High employee turnover is often a hint that a company’s human resources strategy isn’t working, but it’s also difficult for managers to identify who is thinking of leaving. HR Signal wants to make retention easier by using algorithms to predict which employees are most likely to seek another job. The worker analysis startup, which has benchmarked 50,000 job positions, announced today it has raised $1.6 million in pre-seed funding from Gammite Ventures and Aaron Grossman.
One of HR Signal’s algorithms, called the Employee Retention Engine, crunches billions of data points from public sources, market data, and peer career path data, including a million anonymized resumes. The startup uses very little internal data from its clients in order to preserve employee privacy and make onboarding new clients faster, the founders say.

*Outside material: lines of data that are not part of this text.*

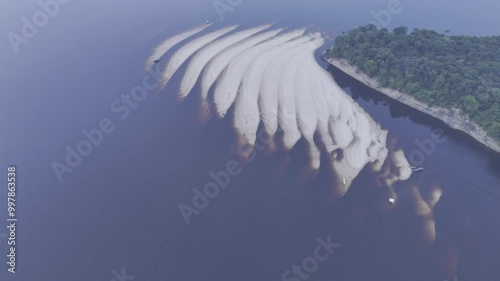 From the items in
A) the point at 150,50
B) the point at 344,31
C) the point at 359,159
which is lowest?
the point at 359,159

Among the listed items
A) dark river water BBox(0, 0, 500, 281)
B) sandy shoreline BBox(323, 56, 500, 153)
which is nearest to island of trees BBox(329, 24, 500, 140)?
sandy shoreline BBox(323, 56, 500, 153)

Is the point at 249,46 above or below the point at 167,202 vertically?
above

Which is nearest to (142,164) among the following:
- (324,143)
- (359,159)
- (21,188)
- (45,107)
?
(21,188)

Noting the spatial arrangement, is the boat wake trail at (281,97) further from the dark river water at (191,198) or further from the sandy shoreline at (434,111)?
the sandy shoreline at (434,111)

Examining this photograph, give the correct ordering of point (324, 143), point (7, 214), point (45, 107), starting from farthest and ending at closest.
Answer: point (45, 107), point (324, 143), point (7, 214)

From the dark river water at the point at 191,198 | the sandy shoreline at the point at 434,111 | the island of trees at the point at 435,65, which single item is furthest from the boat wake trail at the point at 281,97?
the island of trees at the point at 435,65

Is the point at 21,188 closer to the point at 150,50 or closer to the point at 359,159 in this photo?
the point at 150,50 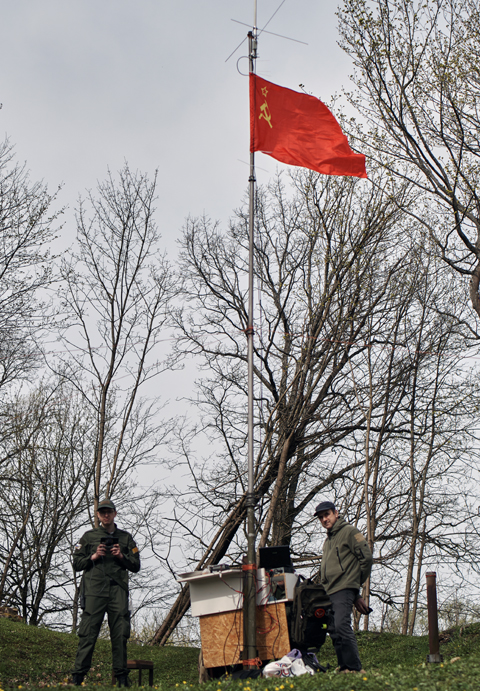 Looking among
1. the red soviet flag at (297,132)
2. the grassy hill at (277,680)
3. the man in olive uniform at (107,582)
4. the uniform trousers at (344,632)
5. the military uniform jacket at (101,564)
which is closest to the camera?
the grassy hill at (277,680)

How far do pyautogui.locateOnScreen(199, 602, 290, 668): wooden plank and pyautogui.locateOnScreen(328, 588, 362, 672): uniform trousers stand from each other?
2.79ft

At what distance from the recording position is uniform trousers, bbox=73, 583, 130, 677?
6.25m

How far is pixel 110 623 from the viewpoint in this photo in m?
6.60

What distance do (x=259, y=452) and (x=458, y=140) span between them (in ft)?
29.1

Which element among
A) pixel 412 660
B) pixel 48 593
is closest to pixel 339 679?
pixel 412 660

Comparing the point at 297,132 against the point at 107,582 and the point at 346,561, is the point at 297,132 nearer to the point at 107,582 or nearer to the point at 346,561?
the point at 346,561

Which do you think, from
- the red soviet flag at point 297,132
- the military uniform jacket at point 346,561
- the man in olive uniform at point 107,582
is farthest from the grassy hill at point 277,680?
the red soviet flag at point 297,132

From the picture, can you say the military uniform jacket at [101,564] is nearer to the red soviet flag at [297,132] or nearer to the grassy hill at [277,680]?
the grassy hill at [277,680]

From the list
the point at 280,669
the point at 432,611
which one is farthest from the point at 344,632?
the point at 432,611

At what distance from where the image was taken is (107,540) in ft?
21.6

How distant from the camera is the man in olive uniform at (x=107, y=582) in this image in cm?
637

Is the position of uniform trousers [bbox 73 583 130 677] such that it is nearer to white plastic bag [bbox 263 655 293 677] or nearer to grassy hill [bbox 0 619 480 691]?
grassy hill [bbox 0 619 480 691]

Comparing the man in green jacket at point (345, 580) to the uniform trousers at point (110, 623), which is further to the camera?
the uniform trousers at point (110, 623)

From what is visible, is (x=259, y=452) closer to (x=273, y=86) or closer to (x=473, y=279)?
(x=473, y=279) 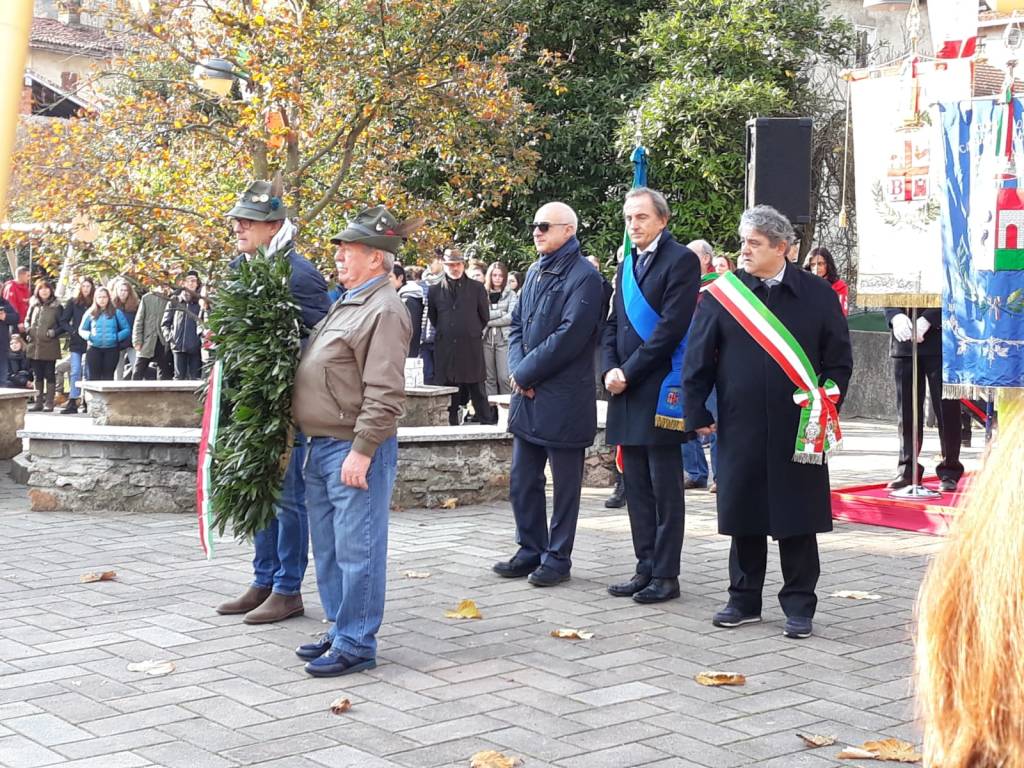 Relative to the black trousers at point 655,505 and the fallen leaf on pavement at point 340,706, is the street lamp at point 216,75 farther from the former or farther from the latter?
the fallen leaf on pavement at point 340,706

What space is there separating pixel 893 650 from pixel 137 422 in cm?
748

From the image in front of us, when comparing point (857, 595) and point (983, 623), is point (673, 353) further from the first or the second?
point (983, 623)

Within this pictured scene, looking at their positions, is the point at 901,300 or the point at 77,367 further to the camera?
the point at 77,367

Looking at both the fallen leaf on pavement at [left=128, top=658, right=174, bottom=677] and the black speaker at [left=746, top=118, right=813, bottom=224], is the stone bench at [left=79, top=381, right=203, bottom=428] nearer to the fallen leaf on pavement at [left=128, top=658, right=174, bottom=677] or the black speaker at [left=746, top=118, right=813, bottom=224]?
the black speaker at [left=746, top=118, right=813, bottom=224]

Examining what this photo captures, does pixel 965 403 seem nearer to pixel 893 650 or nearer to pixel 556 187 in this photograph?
pixel 893 650

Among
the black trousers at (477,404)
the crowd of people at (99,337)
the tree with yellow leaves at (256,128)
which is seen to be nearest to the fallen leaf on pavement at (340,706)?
the tree with yellow leaves at (256,128)

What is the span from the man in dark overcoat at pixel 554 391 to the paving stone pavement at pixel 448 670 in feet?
0.93

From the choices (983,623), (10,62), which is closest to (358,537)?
(10,62)

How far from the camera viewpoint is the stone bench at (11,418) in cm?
1271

Co-founder Sagy Cohen came up with the idea for HR Signal while working as a senior data scientist for a venture-backed computer vision startup. Data scientists and computer vision AI specialists are in short supply, and Cohen was constantly approached by recruiters, even though he was happy at his job. This prompted him to build an algorithm to help recruiters contact only people who are at a point in their careers where they are likely to leave their current positions.
Cohen and co-founders Andrew Spott, Daniel Gilon, and Aaron Goodman began working on the algorithm in early 2020. At first, their goal was to direct recruiters toward people who are under-promoted or under-recognized. Then at the end of the year, they had an internal case study predicting an abnormally high number of people were ready to move on from their jobs and realized there was going to be a large “turnover event” because many people felt stagnated as the result of the pandemic.
After that, HR Signal’s team decided to focus on boosting employee retention instead of recruitment. “There’s this narrative that people are less loyal to their jobs and are constantly quitting, but when we analyze the data in a large enough dataset, the trend really is potentially different,” said Spott. “Employers seek leadership positions externally and are not promoting enough from within.”